こんにちは。山崎在住のおりこのかずひろと申します。地元の話や映画や本の話を中心にゆるく語るこのコーナー。
今号は手品のお話。
梅田の地下三番街にマジックショップが一軒、ひっそりとあります。文字通り、そこにはマジック(手品)の道具が並べられ、専用のカウンターがあり、マジシャンが実演するブースもあります。ただ正直に言うと、そこで誰かが買い物をしているのをあまり見たことがありません。実演もたぶん土日しかやっていないのだろうし、壁面とショーウィンドウに展示してある派手な商品と売り文句とは裏腹にある種の近寄り難さがあり、平日の夕方頃には大抵誰もいません。そのお店の背後にあるファンシーなセレクトショップは、マリオやマインクラフトなどの流行り物でどんどん内容が変わっていくのに、そこはずっと一定のまま。もしかして本物の魔法のように、この店は僕にしか見えないのではないだろうかと思うこともありますが、もちろんそういうわけでもなく、たまに道具を眺めて手に取り、内容を確認するカップルや、その筋(?)らしきお客さんがたむろしています。どうも、この店が見えて、気にしているのは僕だけではないようです。
実は我が家には、定期的にマジック(手品)ブームが来ます。頻度はせいぜい年2回程度ですが、突然、春の訪れのようにブームが来ます。引き出しのトランプを取り出して、見よう見まねで手品の練習を開始します。僕は手先が全然器用ではないので、種丸出しのコメディ・マジシャン、「ナポレオンズ」さんスタイルです。披露したところで賞賛はなく、得られるのは笑いのみ。日々、そんな手品をご賞味いただいております(息子は、人体が浮かぶような大技を出したいそう)。それでも今は、動画でたくさんマジックのやり方を紹介してくれているので、簡単なものなら誰でもすぐに会得できます。多いのはトランプのカードを引いてもらって、そのカードを当てるというものか、物体をコインが通り抜けるタイプのものです。たまに種が分からないのもあって、見ているだけで楽しめます。
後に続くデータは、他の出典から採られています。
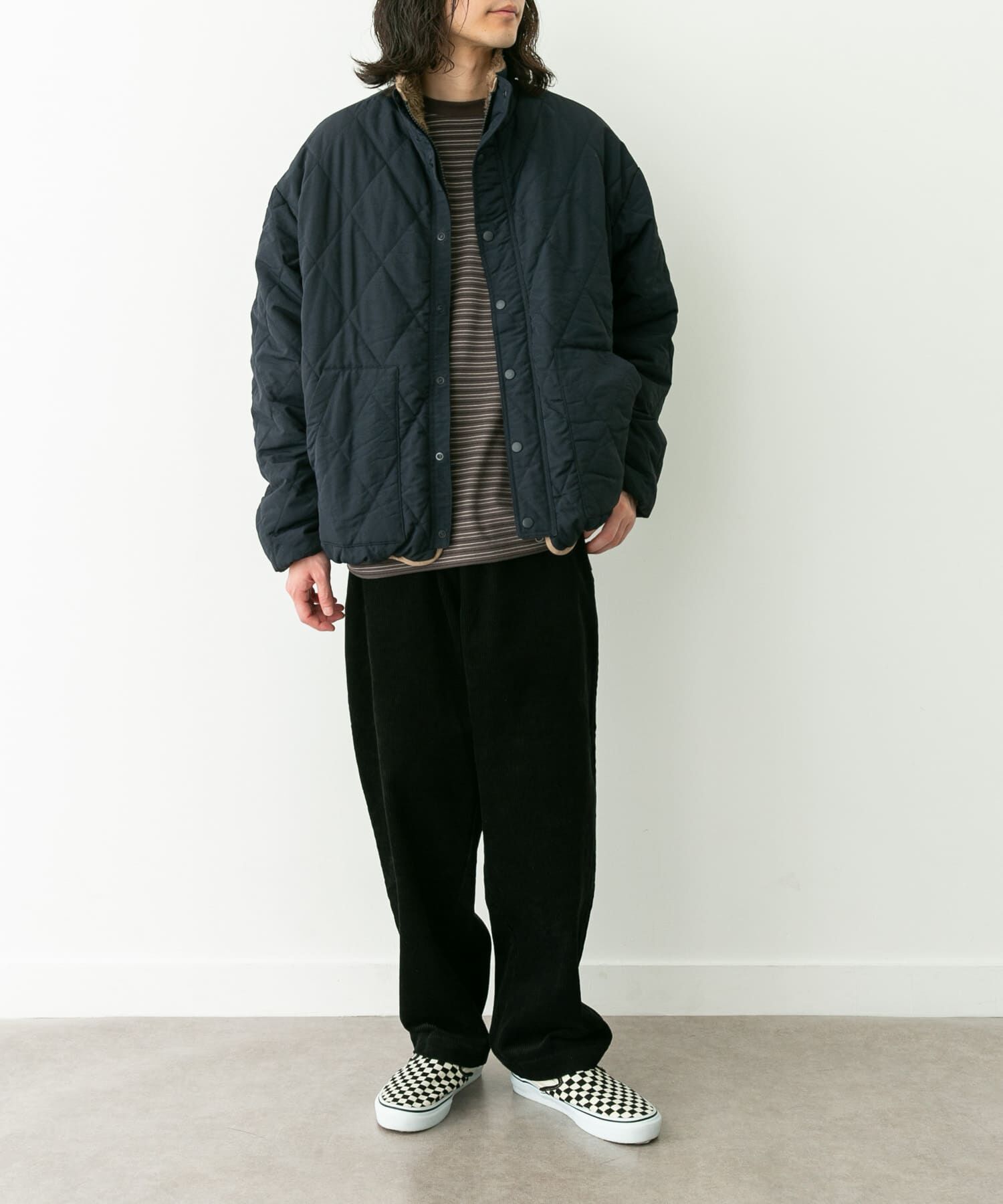 Sonny Label 「リバーシブルスタンドブルゾン」|ブルゾン・スタジャン|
さらに、世の中にあるマジック的なものにも目がなく、例えば遊園地や科学博物館のトリックのあるものが好きです。昔は、よく連れて行ってもらった「ひらパー」のミラーハウスや傾いた部屋のキャッスル、ソファに座った自分が回転する錯覚を覚える「回る部屋」などが好きでした。姉が絶叫マシンの「バイキング」を5回連続で乗っている横で、僕は5回連続ミラーハウスに入り、鏡の異次元体験を堪能していたものです。鏡に自分の姿がいくつも映し出される中で、おでこを何度もミラーに打ちつけて、追い出されるまで遊んでいました。
小説や映画でも、マジックがらみのものは良く読んだり見たりしています。特に好きなのは、クリストファー・プリーストという作家の、ずばりそのもののタイトルである「奇術師」(「プレステージ」という映画にもなりました)。それから、みんな大好き「スティーブン・ミルハウザー」が書く魔術的な小説群は、人生の愛読書。エトガル・ケレット作の、手品師がパーティーで死んだウサギを出してしまう「ハット・トリック」という短編もたまりません。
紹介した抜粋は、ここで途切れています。